The Philosophy of Punk
An Interview with Tim Noble and Sue Webster
Rajesh Punj
"We were pushing the shadow sculptures by using different materials, where the sculptures were becoming interesting in their own right; and there was a point where we were waiting for the moment we didn’t have to painstakingly make the shadow anymore – we could just stand by the sculpture and switch the lights on." -Sue Webster
American Robert Rauschenberg declared of art that “it is neither art for art, nor art against art. I am for art, but for art that has nothing to do with art – art has everything to do with life, but it has nothing to do with art.” Acting upon modern life, Rauschenberg saw everything as inclusive to a new kind of aesthetic. Going onto explain how “I don’t really trust ideas, especially good ones, rather I put my trust in the materials that confront me, because they put me in touch with the unknown”; whereby the ordinary and the unfamiliar had an aesthetic quality, and an adventure to explain itself as art. And as part of a Neo-Dadaist oeuvre Rauschenberg’s contemporary Jasper Johns saw beauty in the condition of things; saying of the object ‘I’m not interested in things which suggest the world rather than express the personality… the most conventional thing, the most ordinary – it seems to me that those things can be dealt with without having to judge them: they seem to me to exist as clear facts, not involving aesthetic hierarchy.”

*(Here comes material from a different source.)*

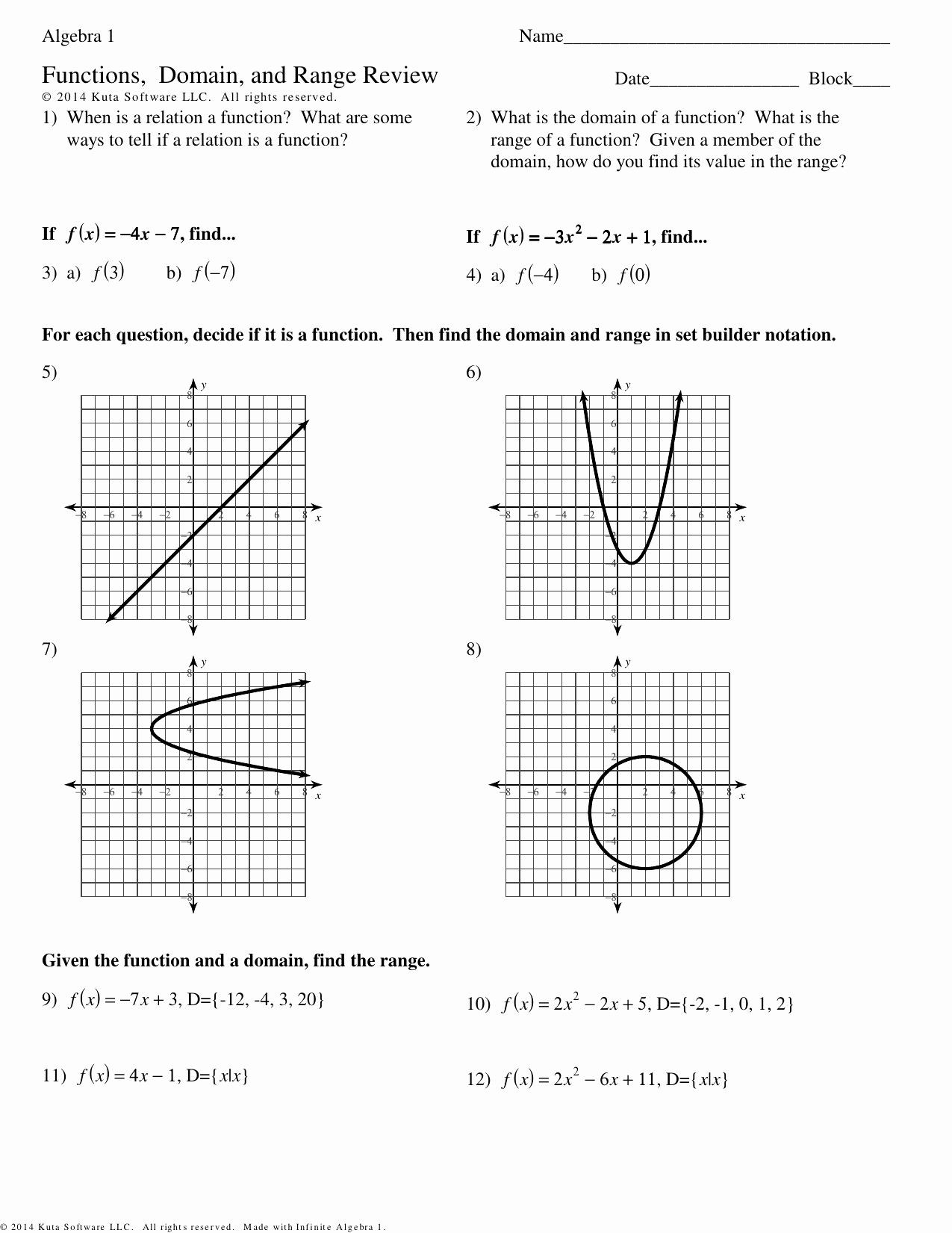 Domain and Range Practice Worksheet Domain and Range Worksheet 1 Promotiontablecovers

For artists Tim Noble and Sue Webster, who have collaborated since their college days, the carefree as critical endeavor of artists like Rauschenberg and Johns, together with the philosophy of punk, as anarchist energy, have spurred the British artists to act entirely intuitively, in order their work be less conceptual and more born of their unconventional materials. Resembling one half of a post-punk band, Noble and Webster saw the disorder and affective determinism of punk as having contributed to their engaging with art as an attitude. “The philosophy of punk more than anything was something that we found natural to deal with. It is about there not being an excuse for making work – Punk happened from the bedroom, where you got a pair of scissors and you cut the newspaper up, and you glued letters and images to a piece of paper and made some art. And I guess for many years we were not selling any work but it never stopped us from making. We adopted that attitude – you make your own clothes, you cut your own hair. You always found a way.” Engaging with art more elementally, Noble and Webster have allowed themselves the liberty to react rather than act upon the ordinary and the everyday.

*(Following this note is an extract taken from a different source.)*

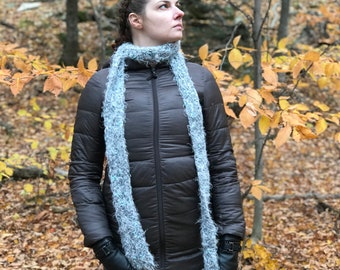 Thick Silver Scarf Fuzzy Grey Neck warmer Cowl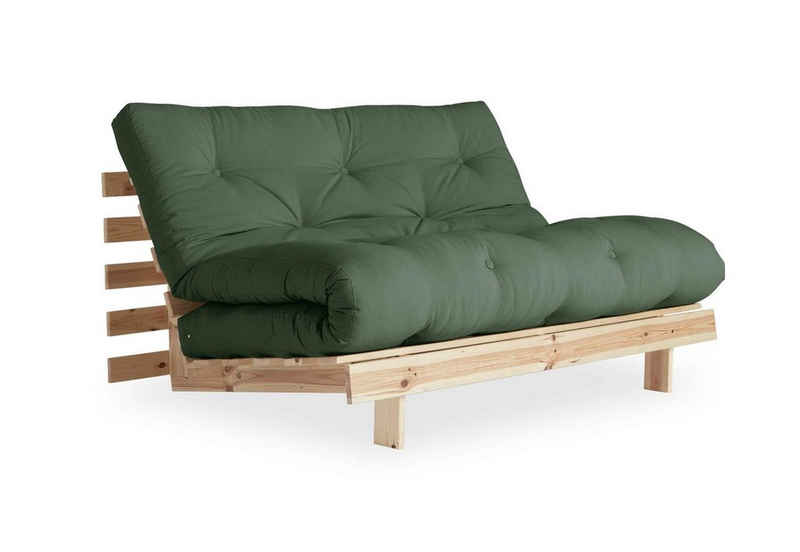 Karup Design 2-Sitzer Schlafsofa ROOTS 140 cm Sofa Gestell Kiefer Massivholz Bezug Oliv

Their bloody-minded spirit literally taking them out of the shadows, with a new body of works that for all their labour appear as loose and light as when they were first conceived of by hand. Creating a series of colossal metal figures that appear to brilliantly abuse the situation and circumstance of sculpture, Noble admits to the unknowing of their new art.
“We worked in a material we had never worked with before, in bronze, and we literally drew in thin air.” “I think that was what I was trying to say to you before, ‘what is sculpture?’ that seems so archaic. When you think of sculptures as being ground-hugging things, with these works we were trying to make them as less so as possible, so they would occupy more space.”
The significance of creating sculpture has concentrated the artists on their ambition for the large scale, and by virtue their value. Which returns the artists to their less precious ethos, as Noble explains, “When you look at Jeff Koon there is a real sense of ‘do not touch’, and there the question of how much money has gone into the making of his works? As much as I love Jeff, I think that the economy of his works has almost corrupted it. We have almost had enough of that, and you do get a sense of everything being a bit base with our works, because it doesn’t stink of being worth millions of pounds. And you can get lost by something else, and the idea that materials can be about something else.” Arguing for risk over reward, Noble and Webster see the sheer enterprise of making work about tormenting oneself with the unruly condition of things, as Johns saw it, and less preoccupied with the measure of materials. Calling for dirty edges as a design for life.
INTERVIEW
Rajesh Punj:
It would be interesting to begin by talking about the new bronze sculptures that are part of the Sticks with Dicks and Slits exhibition at Blain Southern; which have been described as a departure for you both.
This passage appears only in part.